* **Source data**

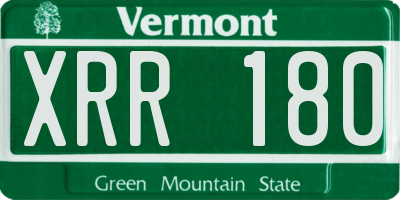 VT license plate XRR180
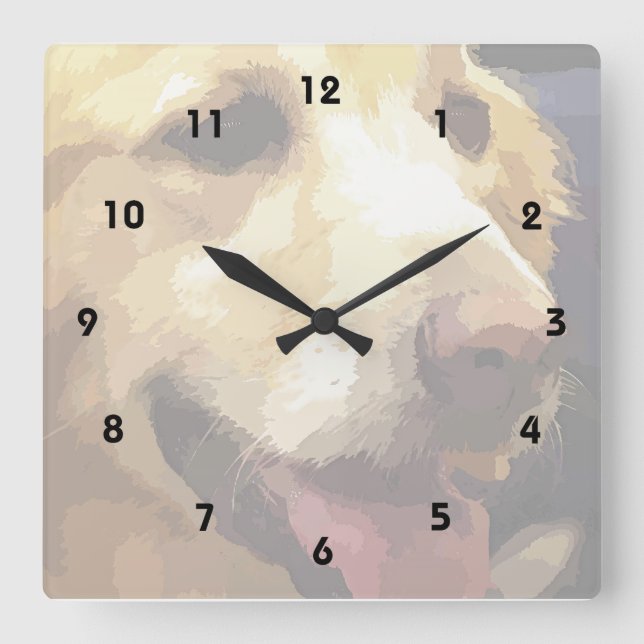 Golden Retriever dog Quadratische Wanduhr (Vorderseite)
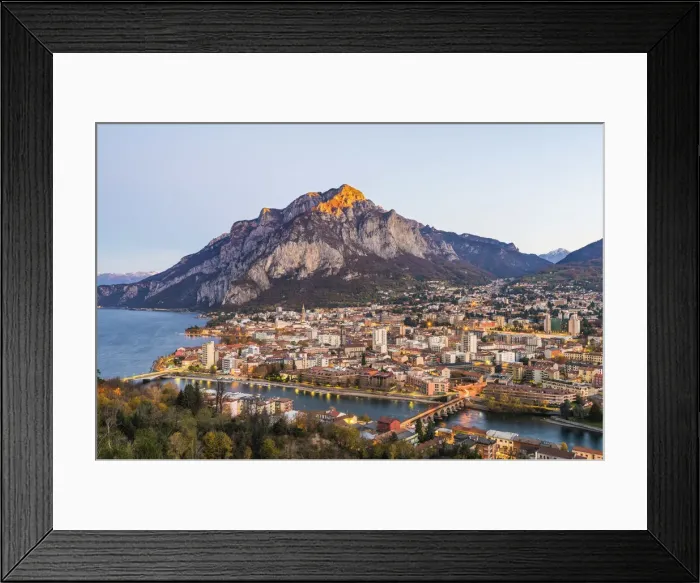 Framed Print : Elevated view of Lecco city with its 3 bridges. Lecco, Como lake, Lombardy, Italy Framed Print : Elevated view of Lecco city with its 3 bridges. Lecco, Como lake, Lombardy, Italy
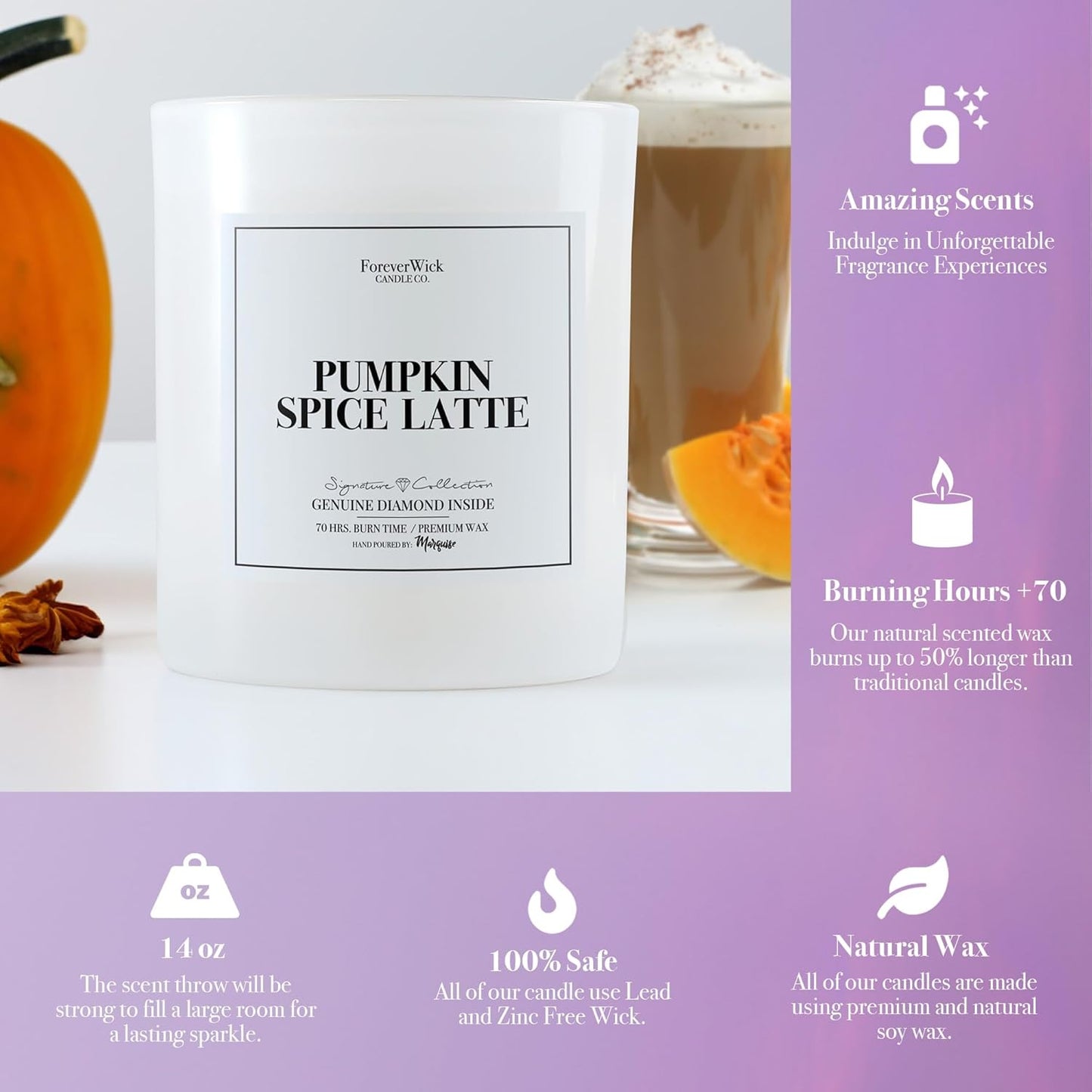 Pumpkin Spice Latte Surprise Candle with Real GIA Diamond Inside | Foreverwick Candles | Scented Soy Candles Gifts for Women Aromatherapy Candle | All-Natural Soy Candle 14oz | 70h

* **Your instructions**
Print every line of the data exactly. Pictures do not belong in the copy.

* **Solution to this problem**
 VT license plate XRR180
 Golden Retriever dog Quadratische Wanduhr (Vorderseite)
 Framed Print : Elevated view of Lecco city with its 3 bridges. Lecco, Como lake, Lombardy, Italy Framed Print : Elevated view of Lecco city with its 3 bridges. Lecco, Como lake, Lombardy, Italy
 Pumpkin Spice Latte Surprise Candle with Real GIA Diamond Inside | Foreverwick Candles | Scented Soy Candles Gifts for Women Aromatherapy Candle | All-Natural Soy Candle 14oz | 70h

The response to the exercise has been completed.